# INFORMATION PROVIDED:
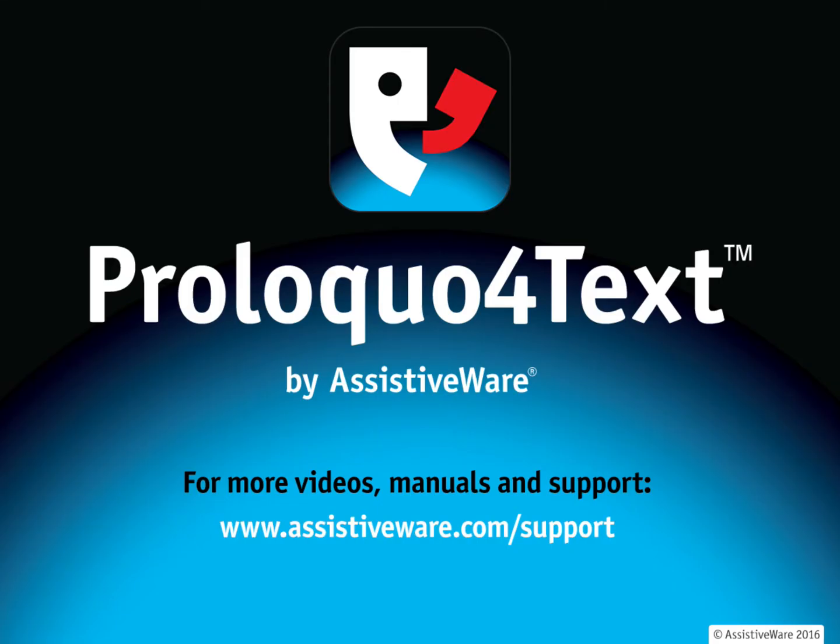This video was all about personalizing the voice in Proloquo for text. Please check our website for more resources and videos to support you using Proloquo for text. Thank you.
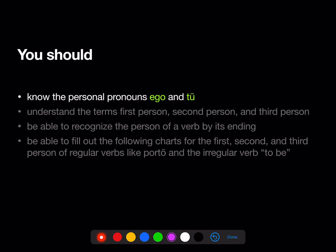Now that we're done Stage 4, you should know the personal pronouns: ego, meaning I, and tu, meaning you.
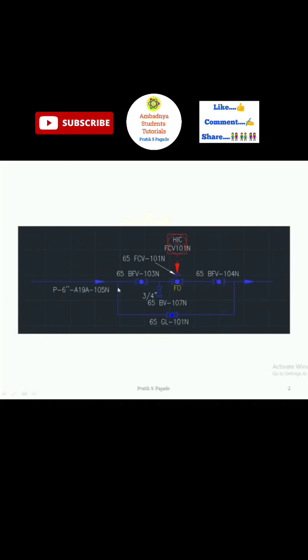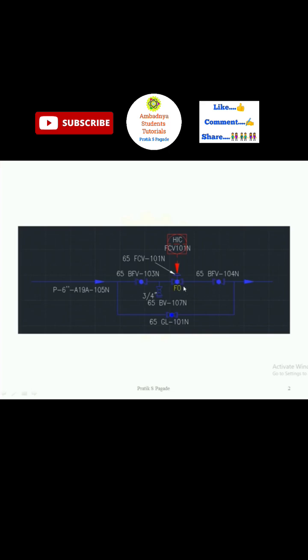This is the general typical arrangement diagram of FCV which is used commonly in P&ID. As you can see, flow here, this is the flow direction. Flow of the fluid is moving from left side to the right side.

# WHAT YOU HAVE TO DO:
Find the line that contains "Now that we're". Copy it and every line after it through the end of the listing exactly, but not the pictures.

# RESPONSE AREA:
Now that we're done Stage 4, you should know the personal pronouns: ego, meaning I, and tu, meaning you.
This is the general typical arrangement diagram of FCV which is used commonly in P&ID. As you can see, flow here, this is the flow direction. Flow of the fluid is moving from left side to the right side.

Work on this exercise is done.